Dans ce récit édifiant qui clôt le Bonum universale de apibus de Thomas de Cantimpré (entre 1256 et 1263), un hérétique fait le choix, pour échapper à l'Inquisition, de passer pour possédé du démon. L'individu simule la possession 1535 , ce qui est déjà une preuve de sa perversité. D'une certaine manière, le choix de cette dissimulation révèle son appartenance au diable. Faux possédé, il ne peut être châtié par la possession mais subit le sort que lui réserve l'Inquisition, il est brûlé. L'événement est raconté à la manière d'un miracle qui prend la signification d'une ordalie. C'est un vrai possédé, traditionnellement enchaîné à une église et clerc de surcroît, qui découvre la vérité. Comme bien des démoniaques des exempla, il connaît ce que cachent les apparences. Dieu permet alors qu'il se détache de ses liens et, par une mise en scène pouvant faire croire à un jeu, il organise un bûcher. Il peut défendre le feu qu'il prépare de leurs gardiens par un glaive présent ici par hasard et laisse s'accomplir le jugement divin. L'épisode lui sert d'exorcisme car il est guéri.

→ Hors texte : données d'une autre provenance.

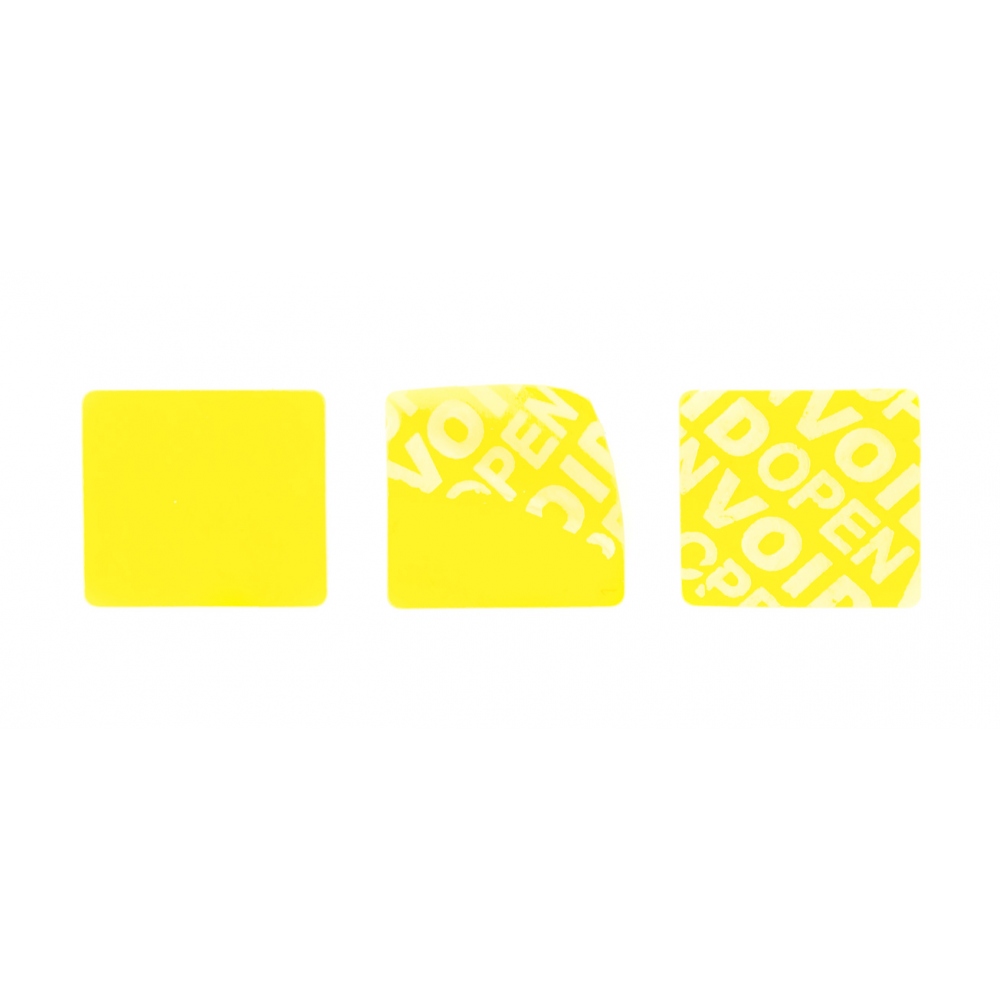 Nereziduální žlutá čtvercová VOID samolepka s vysokou přilnavostí 20x20mm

Ce récit fait référence à la campagne menée par Robert le Bougre à Cambrai contre des hérétiques en 1236 1536 et il est révélateur de la proximité établie entre possession et hérésie d'une part, Inquisition, jugement de Dieu et exorcisme d'autre part. Le vrai hérétique mais faux possédé qui relève de la justice divine est bel et bien puni et le vrai possédé est exorcisé. Enfin, dans cet affrontement dans lequel le diable occupe une place importante, ce sont les frères dominicains qui sont chargés de mener la poursuite de l'hérétique. Cet exemplum d'une grande densité nous conduit à poser la question des relations qui existent entre Inquisition et exorcisme. Dans la mesure où les hérétiques, plus que diabolisés, sont parfois représentés comme des possédés, peut-on considérer l'action de l'inquisiteur comme une sorte d'exorcisme ? Cet examen précis autour de formulations ou d'exemples a pour but de mesurer la proximité ou bien, au contraire, l'écart qui existe entre des pratiques distinctes mais qui connaissent un essor parallèle aux XIIIe et XIVe siècles.
Thomas, Bonum universale, II, 57, 68, trad. Platelle, p. 269-270.

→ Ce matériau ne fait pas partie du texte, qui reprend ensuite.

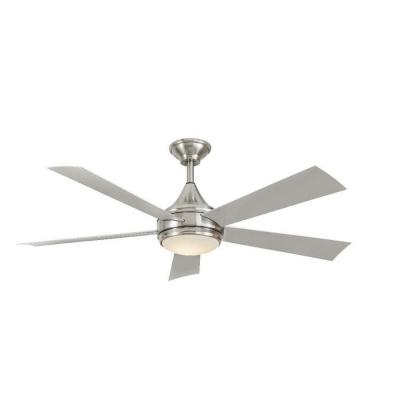 Hanlon 52 in. LED Indoor/Outdoor Stainless Steel Brushed Nickel Ceiling Fan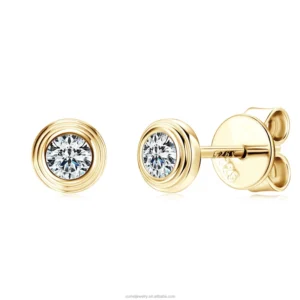 RENSINO Classic Simple Style 925 Sterling Silver 3mm Round D Color VVS1 Moissanite Fashion Earrings for Women Round Studs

Césaire de Heisterbach indique que la possession peut être simulée Caes, V, 12, p. 291-292, mais les exemples sont rares dans les sources.
Voir H. Platelle, Les exemples du Livre des abeilles, Tunhout, Brepols, p. 321, et G. Despy, "Les débuts de l'Inquisition dans les anciens Pays Bas au XIIIe siècle" dans Problèmes d'histoire du christianisme. Hommage à Jean Hadot, ULB, 1980, p. 71-109.